マンチェスターユナイテッド

バスビー・ベイブスや1999年に3冠を達成したサー・アレックス・ファーガソンの本拠地である、イングランドで最も有名なクラブのスタジアム、オールド・トラフォード。

このスタジアムを取り壊しゼロから完全に作り直すことは、ユナイテッドに関わる全ての人にとってなかなか受け入れ難い問題になるだろうと『Daily Mail』は説明する。

ファンの意見と3つの案

このように、歴史ある「赤い悪魔」のスタジアムの取り壊しは、3つの提案のうちの1つとなっている。2つ目の提案は、線路に隣接している南側のスタンドの取り壊し。3つ目は、スタジアムの構造はそのままに、4面の観客席周りを全面的に再開発すること。

現在、クラブのオーナーであるグレイザー家が推進するアイデアは、南スタンドの改修であり、歴史あるスタジアムの取り壊しを望まないユナイテッドファンにとっても、妥協点となっている。

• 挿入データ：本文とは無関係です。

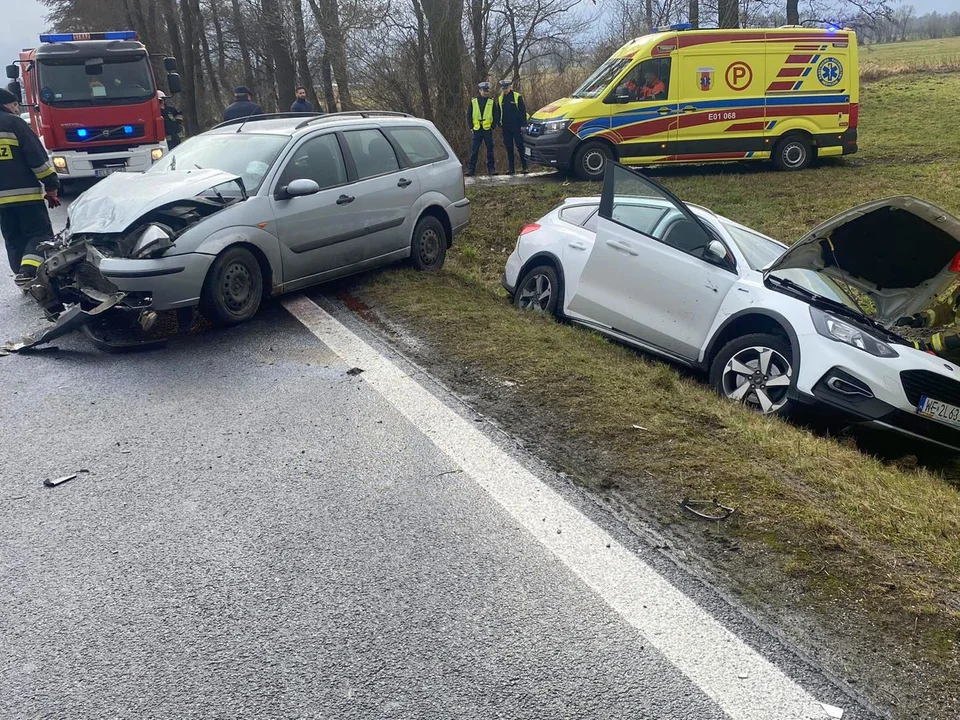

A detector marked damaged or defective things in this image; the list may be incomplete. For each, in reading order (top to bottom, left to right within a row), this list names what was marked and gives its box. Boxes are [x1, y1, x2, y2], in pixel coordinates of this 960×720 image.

crumpled car hood [66, 167, 242, 235]
damaged silver wagon [20, 112, 470, 348]
crumpled car hood [768, 195, 960, 322]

現在の建設技術では、長年困難とされてきた鉄道の上での工事が可能となり、そうなればスタジアムの収容人数を現在の74,000人から80,000人以上に増やすことができるようになる。

しかし、112年の歴史を持つスタジアムを取り壊すという選択肢も、クラブは評価しており、既に工事請負契約の入札で競合する建築家やエンジニアが検討している。

ユナイテッドにとっての最大の障害は、新しい施設の建設や一部の地域の改修をする際、代わりのスタジアムをどうするかという問題だ。例えば、アーセナルやトッテナムが新スタジアム計画の真っただ中、ホームゲームはウェンブリーで行われていた。

オールド・トラフォードは、世界のスポーツ界で最も有名なスタジアムの一つであり、ワールドカップや欧州選手権の試合、チャンピオンズリーグの決勝戦が開催されたこともある。しかし、何年にもわたって近代化を試みてきたにもかかわらず、今ではイングランドのトップクラブに求められる水準には達していないように見える。

ユナイテッドは、この件に関してファンの意見を尊重したいと考えており、最高執行責任者のコレット・ロッシュ氏は12月にファンフォーラムで出されたいくつかの案を検討していた。